----- DATA BLOCK -----
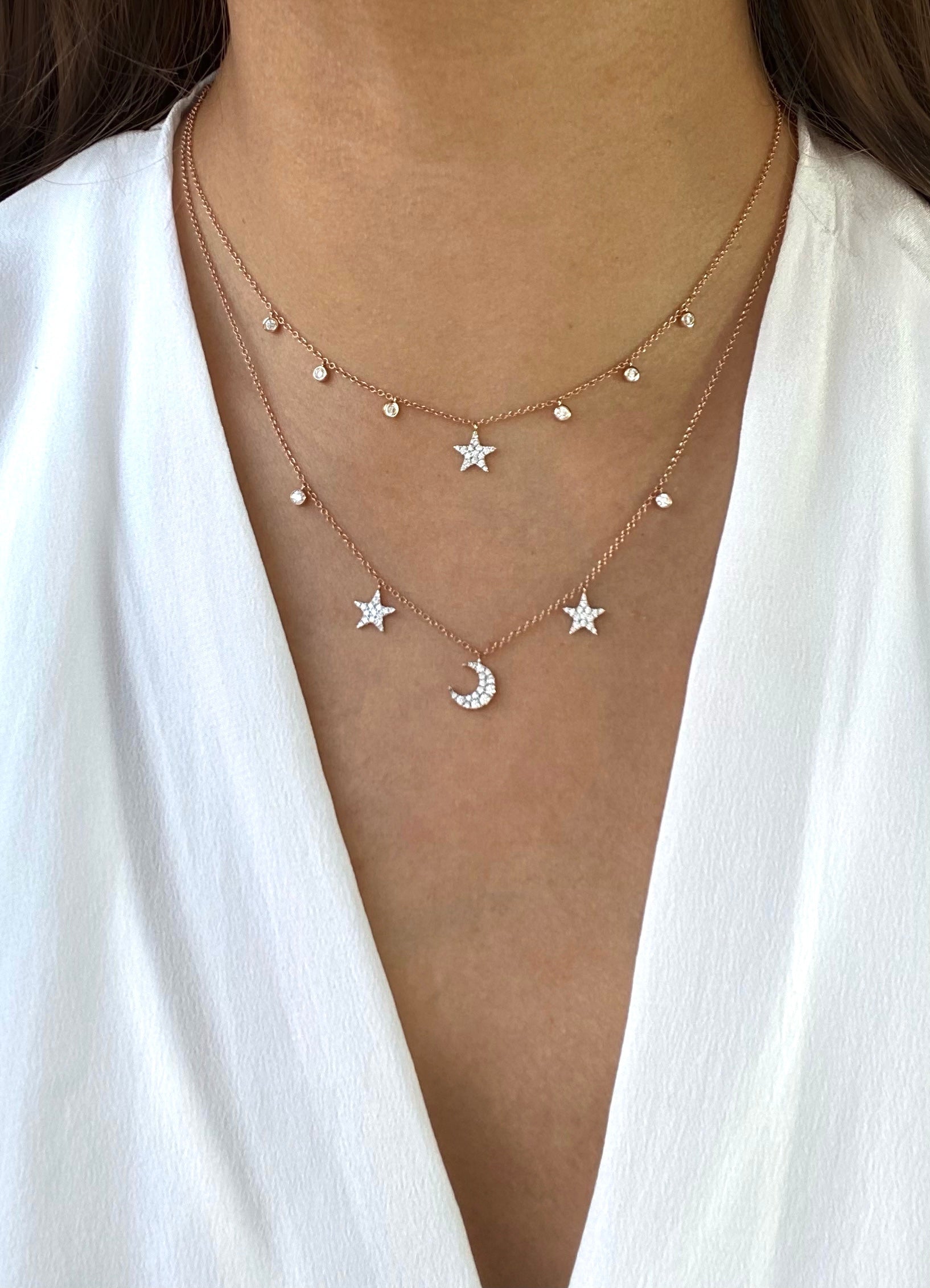 One Star Diamond Necklace with Glider in 18K White/Rose/Yellow Gold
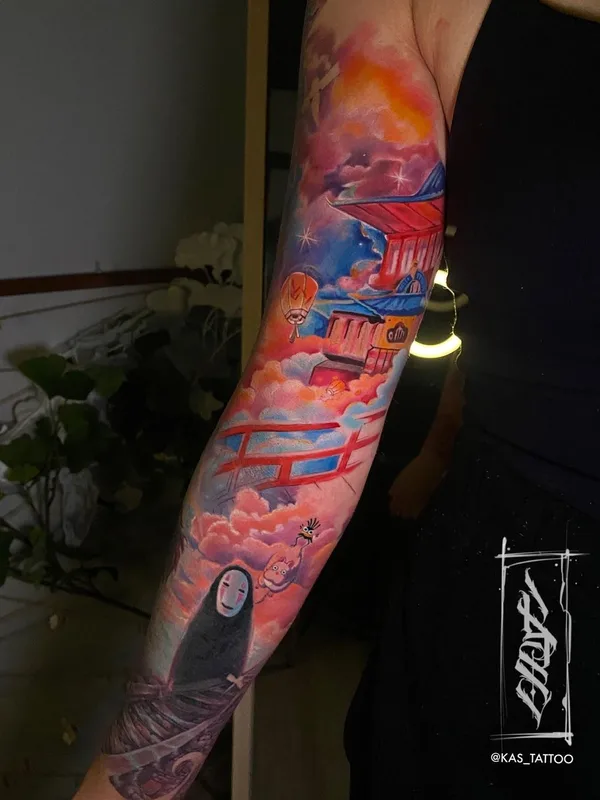 color anime 타투 부위 full sleeve #50419 | 타투이스트 Антон Каменских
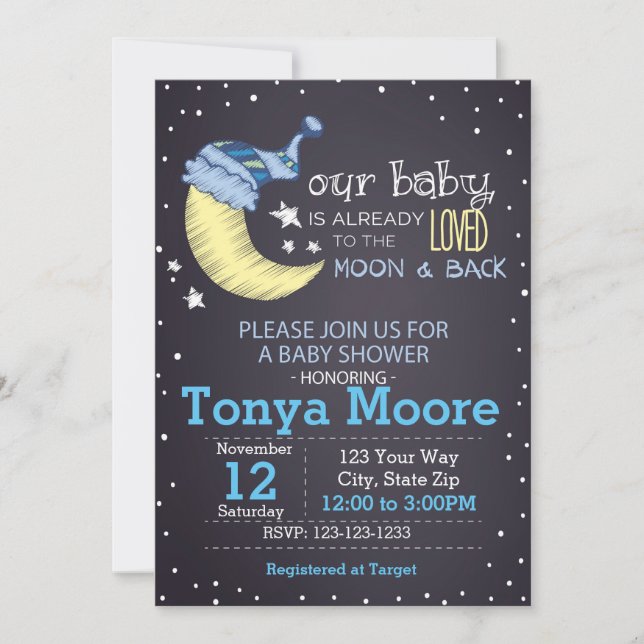 Invitation au Baby shower de la Lune et du dos (ga (Devant)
-----
## WHAT YOU SHOULD DO
All of the data above must be printed exactly, minus its pictures.

## FINAL ANSWER
 One Star Diamond Necklace with Glider in 18K White/Rose/Yellow Gold
 color anime 타투 부위 full sleeve #50419 | 타투이스트 Антон Каменских
 Invitation au Baby shower de la Lune et du dos (ga (Devant)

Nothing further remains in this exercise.